Referring expression grounding data

^^^^^^^^

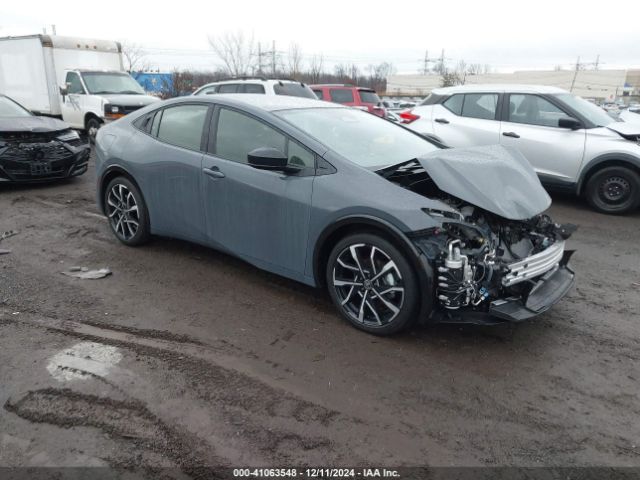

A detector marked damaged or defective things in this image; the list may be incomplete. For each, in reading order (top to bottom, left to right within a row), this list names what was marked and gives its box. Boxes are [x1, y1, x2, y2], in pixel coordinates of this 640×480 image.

crumpled hood [0, 115, 69, 133]
dark damaged car [0, 94, 90, 183]
dark damaged car [97, 95, 576, 336]
damaged front end [378, 145, 576, 326]
crumpled hood [418, 145, 552, 220]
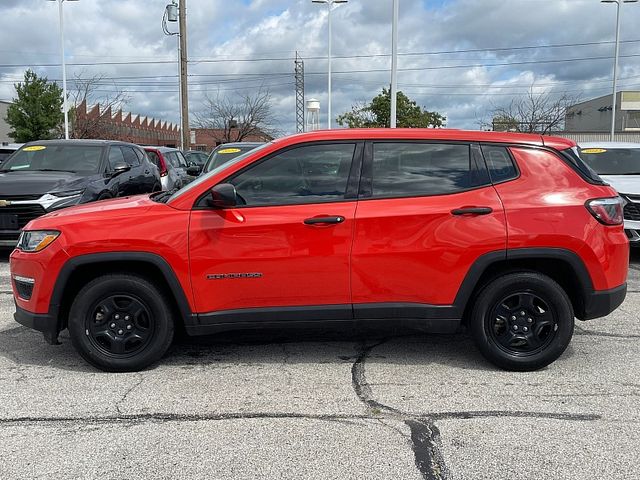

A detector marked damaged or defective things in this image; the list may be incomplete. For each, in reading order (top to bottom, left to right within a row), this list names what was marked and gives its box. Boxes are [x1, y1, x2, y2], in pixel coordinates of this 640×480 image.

crack in asphalt [348, 338, 604, 480]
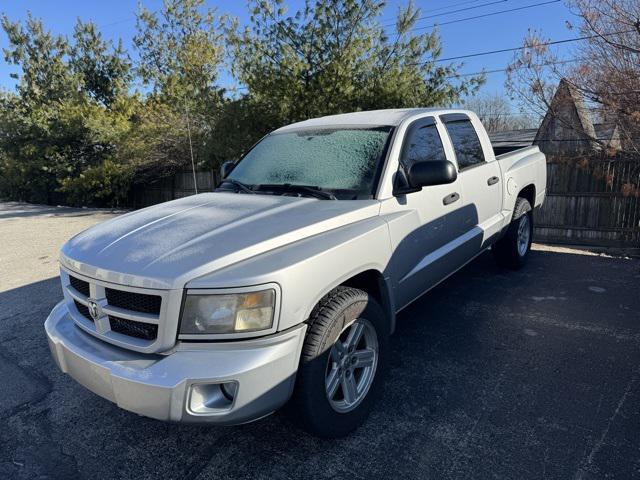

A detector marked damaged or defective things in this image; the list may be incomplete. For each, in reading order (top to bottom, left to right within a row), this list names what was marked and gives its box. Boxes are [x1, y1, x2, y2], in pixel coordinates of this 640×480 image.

cracked pavement [1, 201, 640, 478]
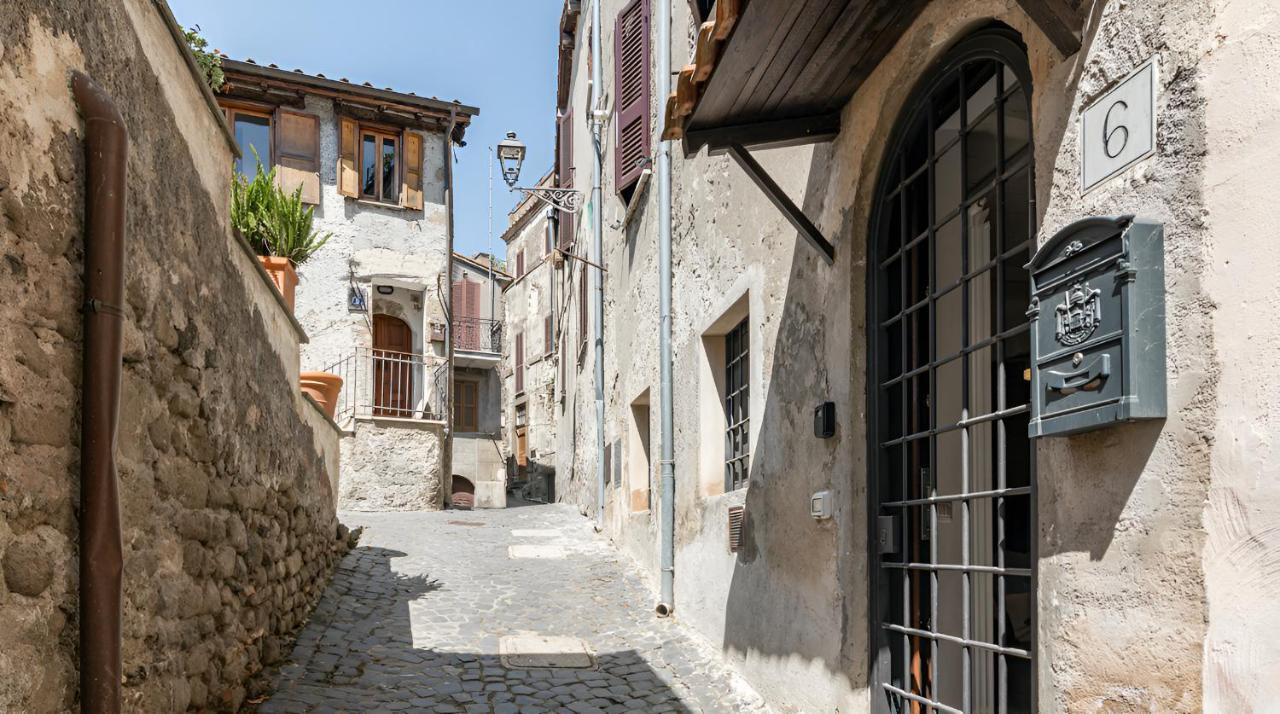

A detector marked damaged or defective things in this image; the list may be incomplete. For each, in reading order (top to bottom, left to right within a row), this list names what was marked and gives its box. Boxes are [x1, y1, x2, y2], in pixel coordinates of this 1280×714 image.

peeling plaster wall [0, 2, 348, 708]
peeling plaster wall [552, 0, 1272, 708]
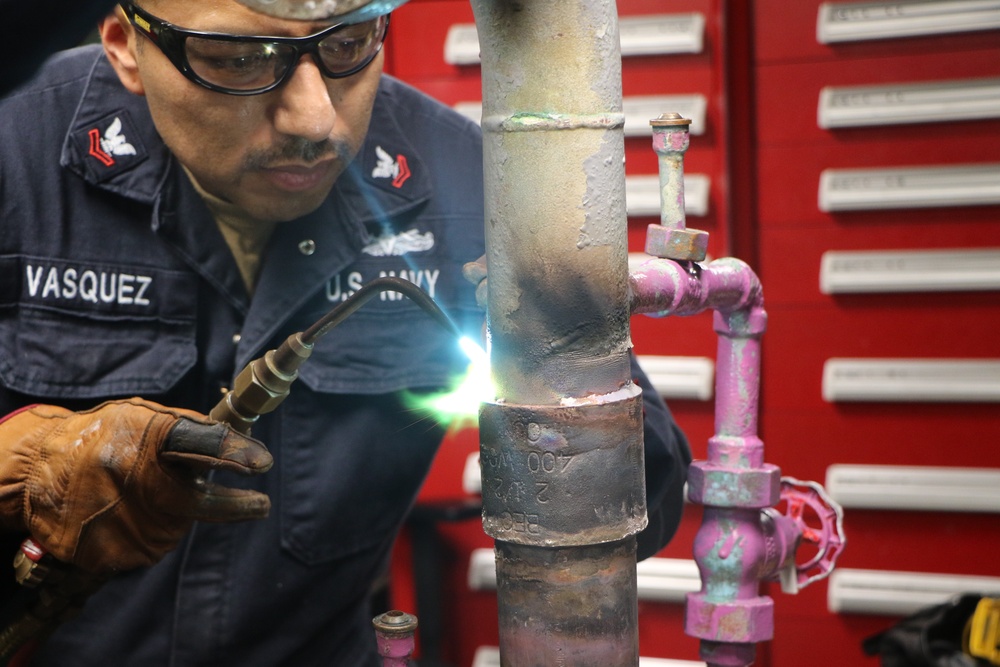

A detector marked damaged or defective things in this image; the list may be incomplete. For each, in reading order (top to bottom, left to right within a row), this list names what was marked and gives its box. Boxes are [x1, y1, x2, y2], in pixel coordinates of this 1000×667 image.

corroded pipe section [472, 1, 644, 667]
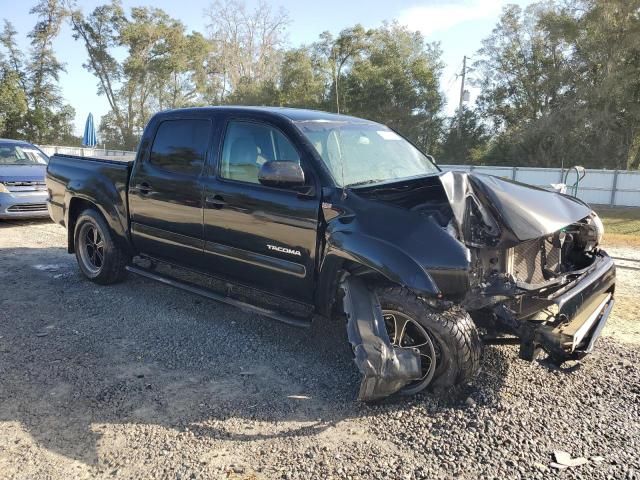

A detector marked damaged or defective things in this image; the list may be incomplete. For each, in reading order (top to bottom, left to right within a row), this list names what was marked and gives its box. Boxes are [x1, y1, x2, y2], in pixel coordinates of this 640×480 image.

crumpled hood [0, 163, 47, 182]
crumpled hood [442, 171, 592, 248]
crushed fender [338, 274, 422, 402]
damaged front bumper [340, 276, 420, 400]
severe front-end damage [328, 171, 616, 400]
damaged front bumper [500, 251, 616, 360]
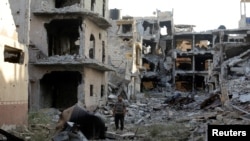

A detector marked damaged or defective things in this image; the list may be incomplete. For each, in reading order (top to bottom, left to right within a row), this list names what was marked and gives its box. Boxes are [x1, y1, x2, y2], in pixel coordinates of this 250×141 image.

shattered wall [0, 0, 29, 127]
damaged building [0, 0, 29, 127]
shattered wall [28, 0, 110, 111]
damaged building [27, 0, 113, 111]
damaged building [107, 10, 143, 99]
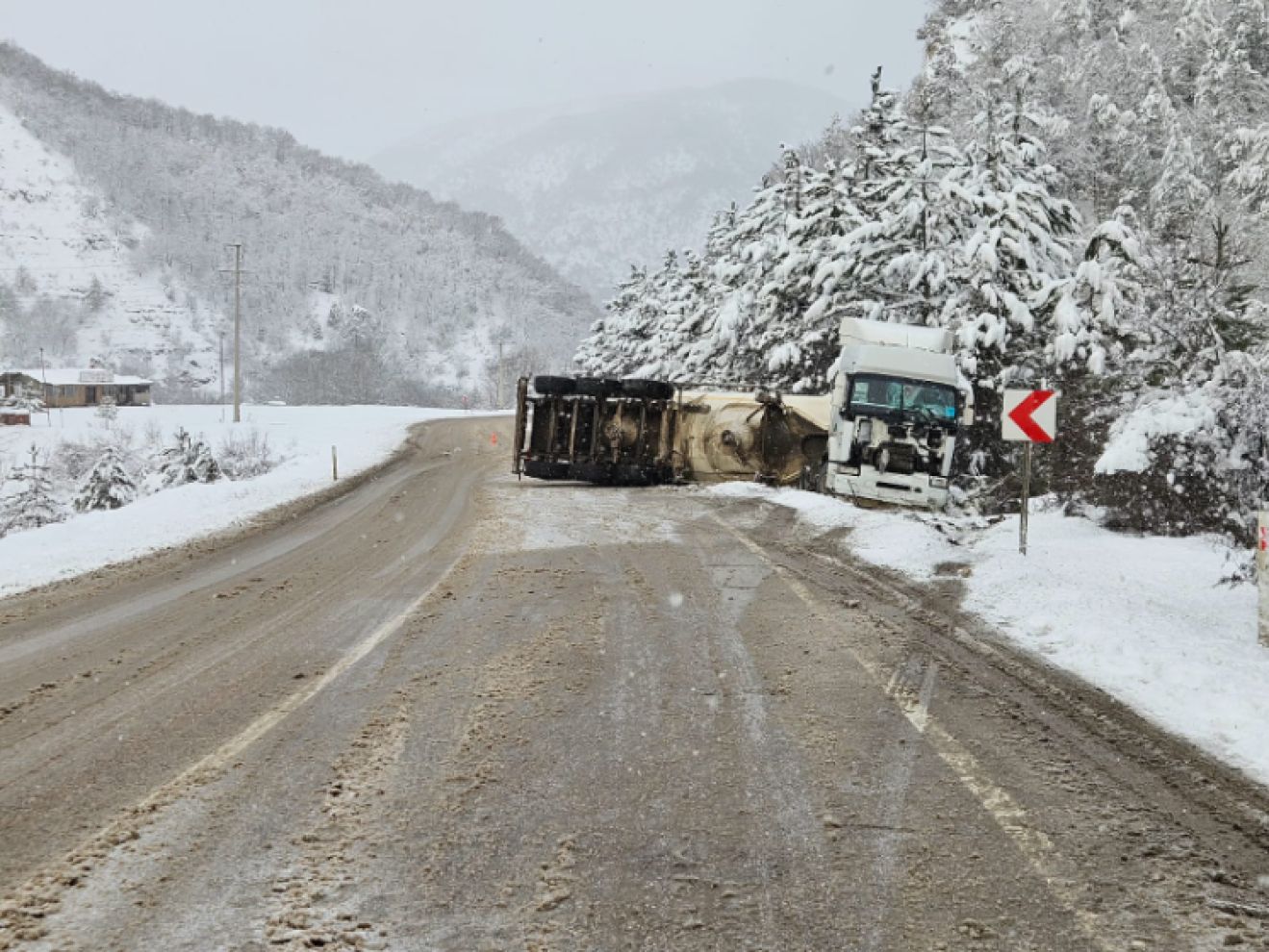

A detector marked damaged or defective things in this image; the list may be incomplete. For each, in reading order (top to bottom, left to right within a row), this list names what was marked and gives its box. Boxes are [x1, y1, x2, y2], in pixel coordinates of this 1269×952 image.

overturned tanker truck [510, 316, 974, 509]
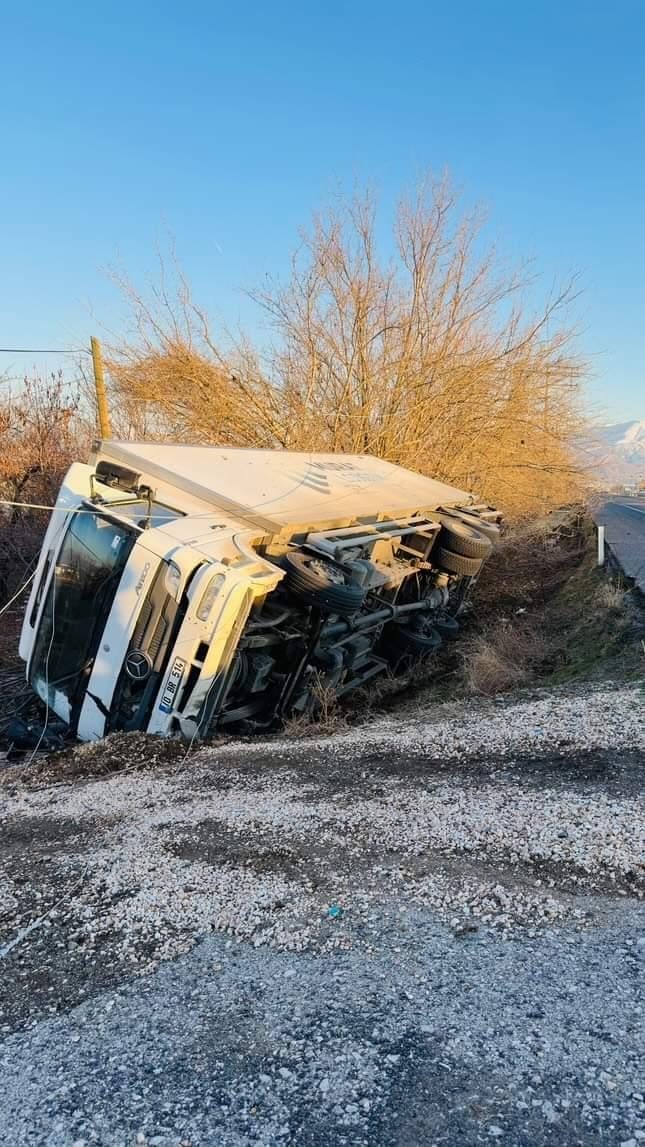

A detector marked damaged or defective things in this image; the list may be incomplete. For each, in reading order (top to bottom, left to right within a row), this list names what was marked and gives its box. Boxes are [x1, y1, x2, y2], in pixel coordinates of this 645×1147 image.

overturned white truck [16, 442, 498, 738]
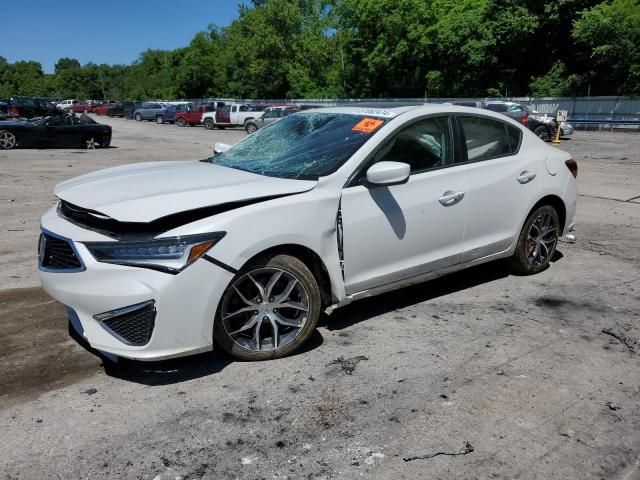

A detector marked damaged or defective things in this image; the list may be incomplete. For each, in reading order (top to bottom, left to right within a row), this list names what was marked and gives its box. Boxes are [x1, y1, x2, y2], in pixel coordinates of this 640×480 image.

shattered windshield glass [209, 112, 384, 180]
dented hood [55, 160, 318, 222]
damaged white car [40, 105, 580, 360]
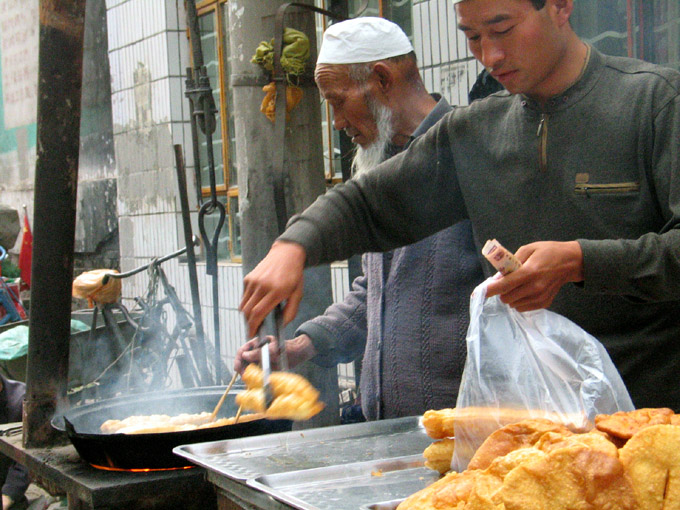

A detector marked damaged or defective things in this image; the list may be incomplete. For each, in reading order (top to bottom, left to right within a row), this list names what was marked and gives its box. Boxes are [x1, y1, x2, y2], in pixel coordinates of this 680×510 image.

rusty metal pole [24, 0, 88, 446]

^^^^^^^^

▶ _AIM OF THE EXERCISE_
An exact copy of the entries from the line containing "this 680×510 image." through the last line is the expected answer.

▶ _SOLUTION TO THIS PROBLEM_
A detector marked damaged or defective things in this image; the list may be incomplete. For each, in reading order (top to bottom, left to right within a row), this list names what was marked and gives its box. Boxes are [x1, y1, x2, y2], in pixel coordinates of this 680×510 image.

rusty metal pole [24, 0, 88, 446]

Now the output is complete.